Your goal :: When the line containing "A brow and lash" appears in the entries below, begin printing there and stop after the line containing "Nhật Bản ghi"; print each of those lines exactly and no other line.

Brief descriptive captions
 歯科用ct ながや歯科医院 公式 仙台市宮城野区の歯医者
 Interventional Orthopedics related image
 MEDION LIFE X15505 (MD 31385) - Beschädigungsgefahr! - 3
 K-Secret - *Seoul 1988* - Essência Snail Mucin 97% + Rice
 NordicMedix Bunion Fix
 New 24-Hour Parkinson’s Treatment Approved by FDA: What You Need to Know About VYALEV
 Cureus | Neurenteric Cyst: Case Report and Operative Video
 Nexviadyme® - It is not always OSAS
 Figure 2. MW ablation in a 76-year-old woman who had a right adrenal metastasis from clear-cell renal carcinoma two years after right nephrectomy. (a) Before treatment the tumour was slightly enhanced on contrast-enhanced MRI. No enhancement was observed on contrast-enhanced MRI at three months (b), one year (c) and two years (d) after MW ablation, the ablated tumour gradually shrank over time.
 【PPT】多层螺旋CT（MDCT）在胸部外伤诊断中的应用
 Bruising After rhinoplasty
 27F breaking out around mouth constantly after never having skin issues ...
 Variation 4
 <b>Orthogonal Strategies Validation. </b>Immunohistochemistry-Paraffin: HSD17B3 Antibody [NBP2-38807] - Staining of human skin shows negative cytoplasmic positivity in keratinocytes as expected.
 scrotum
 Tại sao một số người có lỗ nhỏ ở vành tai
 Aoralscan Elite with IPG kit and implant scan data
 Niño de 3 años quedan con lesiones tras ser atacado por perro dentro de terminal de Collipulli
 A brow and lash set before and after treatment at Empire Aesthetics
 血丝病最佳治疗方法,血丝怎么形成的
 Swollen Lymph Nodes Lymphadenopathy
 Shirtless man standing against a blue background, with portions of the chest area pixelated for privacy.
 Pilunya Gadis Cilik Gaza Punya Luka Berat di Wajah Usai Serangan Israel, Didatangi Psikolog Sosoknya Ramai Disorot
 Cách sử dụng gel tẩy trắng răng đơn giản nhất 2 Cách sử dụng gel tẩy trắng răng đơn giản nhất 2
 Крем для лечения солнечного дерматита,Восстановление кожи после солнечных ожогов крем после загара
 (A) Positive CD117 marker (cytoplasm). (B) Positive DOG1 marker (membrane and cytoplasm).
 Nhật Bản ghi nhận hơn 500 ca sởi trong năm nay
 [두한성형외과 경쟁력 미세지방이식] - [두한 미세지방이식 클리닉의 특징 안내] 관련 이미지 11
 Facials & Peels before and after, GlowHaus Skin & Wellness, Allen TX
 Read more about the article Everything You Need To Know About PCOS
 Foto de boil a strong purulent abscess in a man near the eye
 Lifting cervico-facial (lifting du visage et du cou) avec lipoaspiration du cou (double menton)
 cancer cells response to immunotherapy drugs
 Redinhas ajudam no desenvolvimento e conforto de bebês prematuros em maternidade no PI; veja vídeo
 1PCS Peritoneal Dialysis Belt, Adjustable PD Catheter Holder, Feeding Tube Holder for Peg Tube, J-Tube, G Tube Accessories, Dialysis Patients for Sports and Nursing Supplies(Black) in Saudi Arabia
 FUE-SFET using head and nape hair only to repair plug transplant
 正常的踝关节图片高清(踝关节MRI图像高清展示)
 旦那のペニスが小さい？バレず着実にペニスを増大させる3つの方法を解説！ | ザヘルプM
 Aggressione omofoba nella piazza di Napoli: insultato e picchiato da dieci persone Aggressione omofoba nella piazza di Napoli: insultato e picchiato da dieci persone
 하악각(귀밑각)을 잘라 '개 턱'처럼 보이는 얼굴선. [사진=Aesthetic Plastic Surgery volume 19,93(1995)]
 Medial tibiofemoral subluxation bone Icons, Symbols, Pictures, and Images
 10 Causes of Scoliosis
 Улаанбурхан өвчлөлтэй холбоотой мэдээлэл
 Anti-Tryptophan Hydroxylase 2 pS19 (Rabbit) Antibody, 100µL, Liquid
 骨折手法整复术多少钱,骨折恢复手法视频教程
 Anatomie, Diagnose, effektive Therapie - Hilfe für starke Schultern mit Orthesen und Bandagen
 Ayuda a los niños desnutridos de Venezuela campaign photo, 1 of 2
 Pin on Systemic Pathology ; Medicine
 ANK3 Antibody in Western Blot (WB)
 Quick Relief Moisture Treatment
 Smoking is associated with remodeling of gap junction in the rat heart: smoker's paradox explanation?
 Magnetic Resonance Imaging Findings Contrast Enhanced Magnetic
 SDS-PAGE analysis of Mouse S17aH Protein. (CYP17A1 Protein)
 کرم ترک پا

Reply to the task ::
 A brow and lash set before and after treatment at Empire Aesthetics
 血丝病最佳治疗方法,血丝怎么形成的
 Swollen Lymph Nodes Lymphadenopathy
 Shirtless man standing against a blue background, with portions of the chest area pixelated for privacy.
 Pilunya Gadis Cilik Gaza Punya Luka Berat di Wajah Usai Serangan Israel, Didatangi Psikolog Sosoknya Ramai Disorot
 Cách sử dụng gel tẩy trắng răng đơn giản nhất 2 Cách sử dụng gel tẩy trắng răng đơn giản nhất 2
 Крем для лечения солнечного дерматита,Восстановление кожи после солнечных ожогов крем после загара
 (A) Positive CD117 marker (cytoplasm). (B) Positive DOG1 marker (membrane and cytoplasm).
 Nhật Bản ghi nhận hơn 500 ca sởi trong năm nay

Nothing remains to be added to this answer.